Internationale samenwerking wordt makkelijker

“De ontwikkeling van de gemeenschappelijke taal is een belangrijke stap om de digitaal-forensische wetenschap wereldwijd te standaardiseren,” vervolgt Van Beek. De universele taal voor forensische tools vergemakkelijkt internationale samenwerking op het vlak van onder andere cybercrime, online fraude, seksuele uitbuiting en terrorisme. Forensische instituten, opsporingsdiensten, universiteiten etc. ontwikkelen nu allemaal zelf min of meer vergelijkbare (forensische) instrumenten om gegevens uit verschillende apps en apparaten uit te lezen.

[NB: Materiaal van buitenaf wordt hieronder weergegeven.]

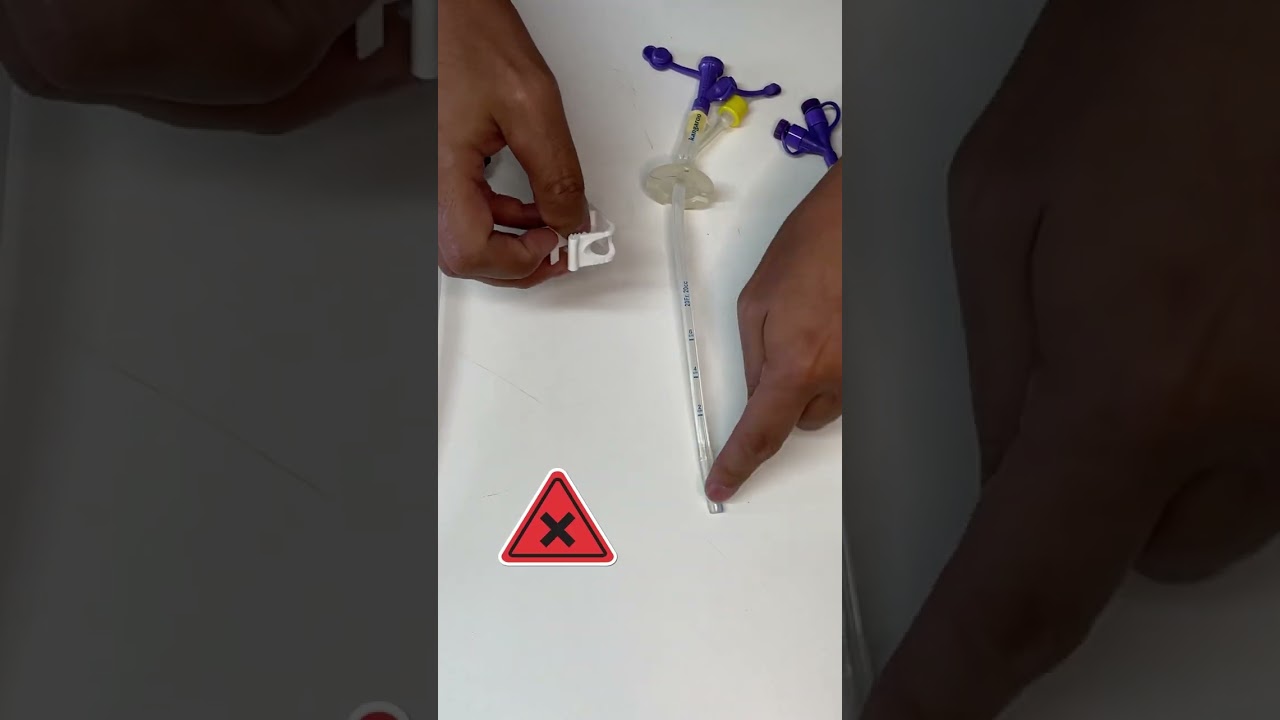Usando CLAMP na sonda GTT de Gastrostomia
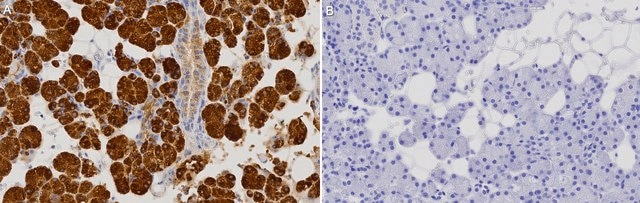 Anti-pan-Amylase Antibody, clone 3K13 ZooMAb&#174; Rabbit Monoclonal recombinant, expressed in HEK 293 cells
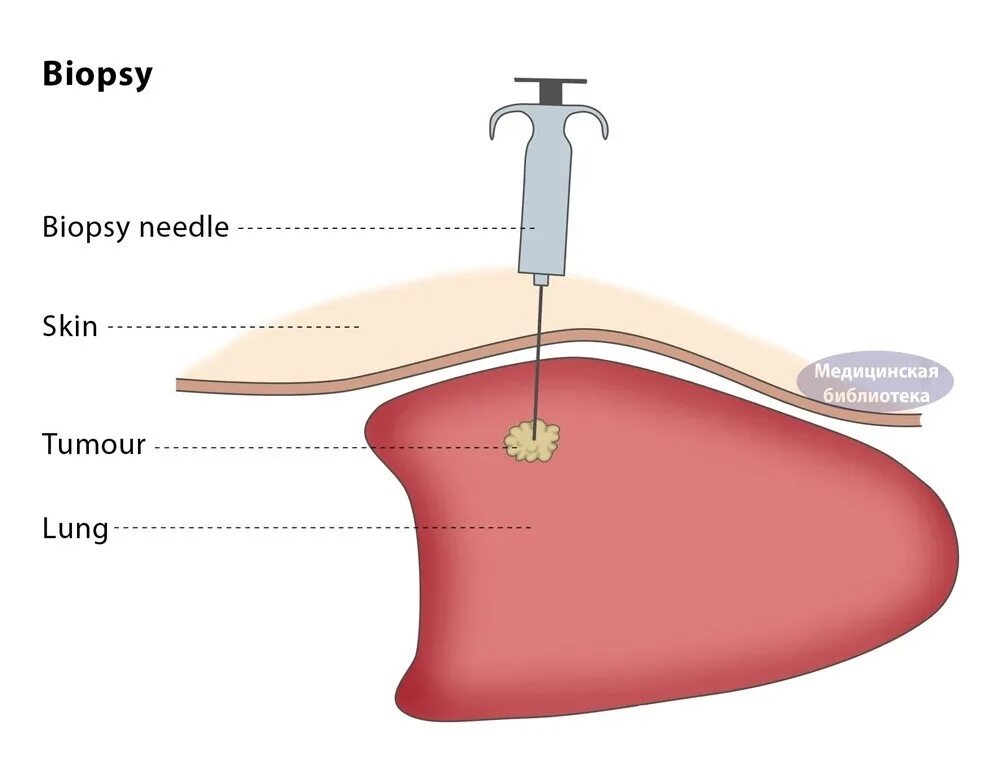 Пункционная биопсия печени. Тонкоигольная аспирационная пункционная биопсия. Пункционная биопсия почек.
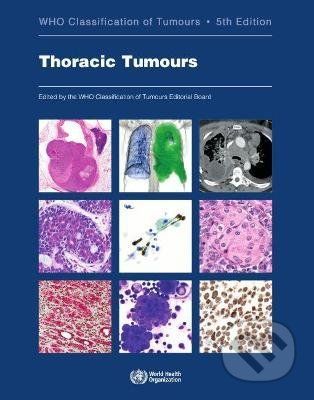 WHO Classification of Tumours: Thoracic Tumours - World Health Organization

Ze doen dit allemaal op hun eigen manier, in hun eigen taal. “Dankzij CASE kunnen we nu gebruik maken van elkaars tools. De instrumenten leggen digitale sporen die ze uit een app of apparaat halen met CASE op dezelfde manier vast. Zo hoeven de resultaten niet steeds vertaald te worden. Dus als wij een instrument ontwikkelen om een nieuwe app uit te lezen, kunnen forensische onderzoekers in andere landen deze tool ook gebruiken,” zegt Van Beek. 

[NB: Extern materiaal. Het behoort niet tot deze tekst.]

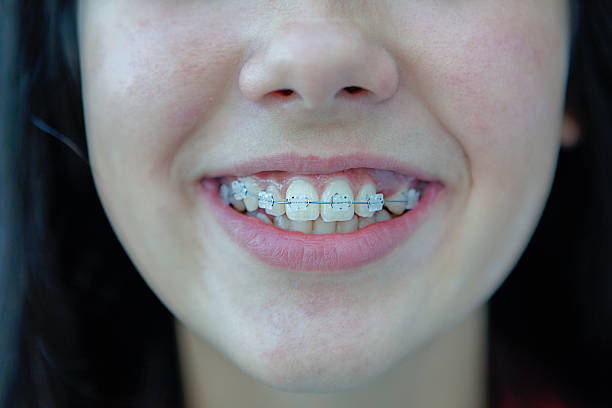girl in white braces - ortodontia aparelho  - fotografias e filmes do acervo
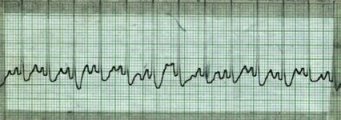 Superventricular Tachycardia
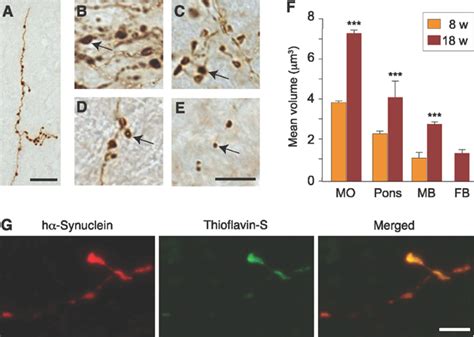 Caudorostral brain spreading of αsynuclein through vagal connections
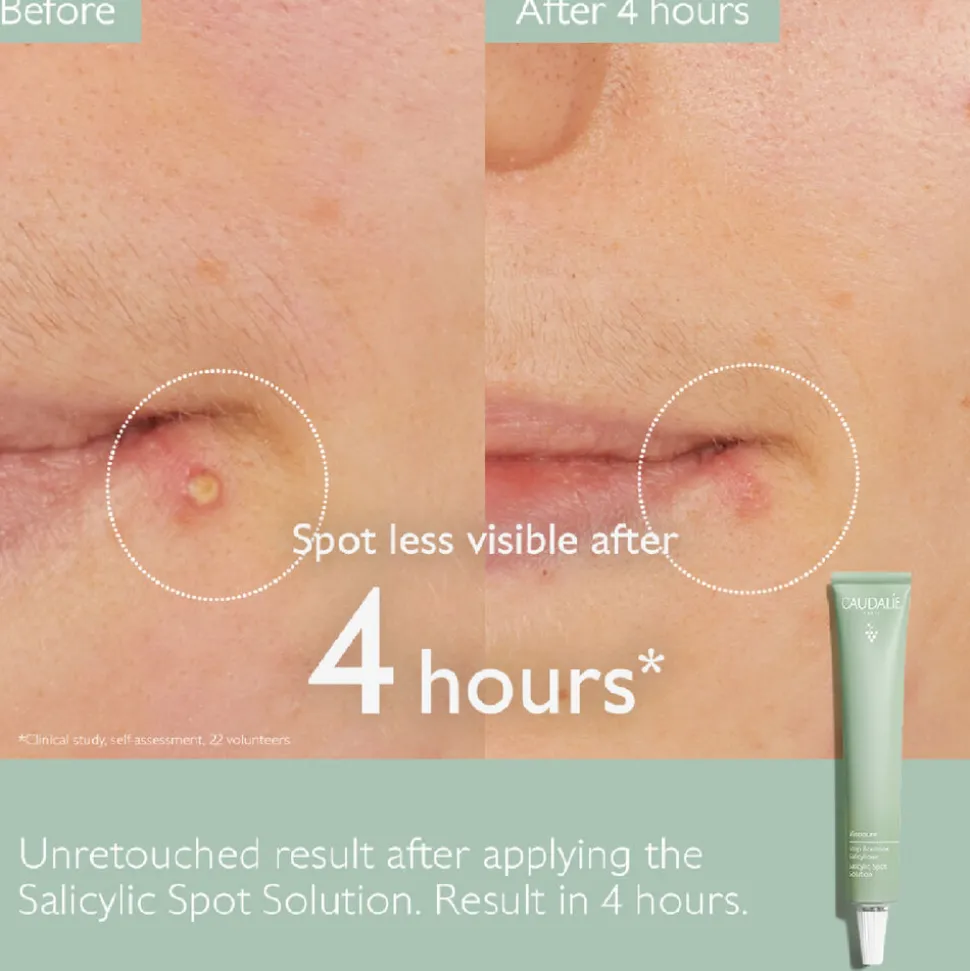 Vinopure Salicylic Spot Stop 15ML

NFI één van de initiatiefnemers universele taal

CASE begon in 2014 als een initiatief van een groep individuen van overheidsorganisaties, opsporingsdiensten, wetenschappelijke en commerciële organisaties. Het gaat hierbij om het NFI, maar ook het Amerikaanse Department of Defence Cyber Crime Center (DC3), het Amerikaanse National Institute of Standards and Technology (NIST) en de Universiteit van Lausanne. Van Beek is behalve één van de initiatiefnemers van de universele taal ook één van de ‘founding fathers’ van de digitale zoekmachine Hansken. Die werkt volgens hetzelfde principe: “Hansken brengt ook digitale sporen uit verschillende tools samen en maakt ze doorzoekbaar. Hiermee kan de informatie uit een telefoon gecombineerd worden met informatie uit een internet-tap.” In samenwerking met TNO leert het NFI de zoekmachine Hansken nu ook de taal CASE, zodat Hansken gekoppeld kan worden aan alle tools die ook CASE kennen. “De CASE standaard leeft steeds meer. Zo heeft TNO met Interpol en andere partijen samengewerkt om een zogenoemde Dark Web & Virtual Assets taxonomie te ontwikkelen, die nu door de CASE community op de agenda is gezet om opgenomen te worden in CASE. Het initiatief van het NFI om Hansken ook van een CASE interface te voorzien is een zeer welkome verdere stap om deze belangrijke standaard breder toegepast te krijgen”, aldus Freek Bomhof van TNO.

Bestrijding Cybercrime

CASE sluit aan bij diverse initiatieven in Europa om gezamenlijk cybercriminaliteit te bestrijden, zoals FORMOBILE, EXEC-II en INSPECTr. “Dat er nu een gemeenschappelijk taal is, stroomlijnt de uitwisseling van forensische tools door verschillende landen.” CASE is belangrijk om wetenschap snel toe te passen in de dagelijkse operaties om misdaad te bestrijden. De taal maakt daarnaast datamining en machine learning mogelijk door een gestructureerde weergave en verwerking van digitale sporen. 
 

Stichting

Inmiddels doen ruim vijftig organisaties uit ongeveer twintig landen mee aan de ontwikkeling van CASE. Europol, Interpol, universiteiten en bedrijven hebben het idee omarmd. De Linux Foundation zal de taal verder ontwikkelen als project. “Met deze stap staat CASE op eigen benen en kunnen we dingen zelfstandig regelen. Voorheen waren we altijd afhankelijk van één van de partners, zoals het NFI, om iets te organiseren,” vertelt Van Beek. Hij hoopt dat het aantal deelnemers aan CASE het komend jaar nog verder groeit en dat net als Hansken meer er meer forensische tools CASE gaan ondersteunen. Het project verwelkomt iedereen die geïnteresseerd is in het verbeteren van de mogelijkheden voor cyberonderzoeken.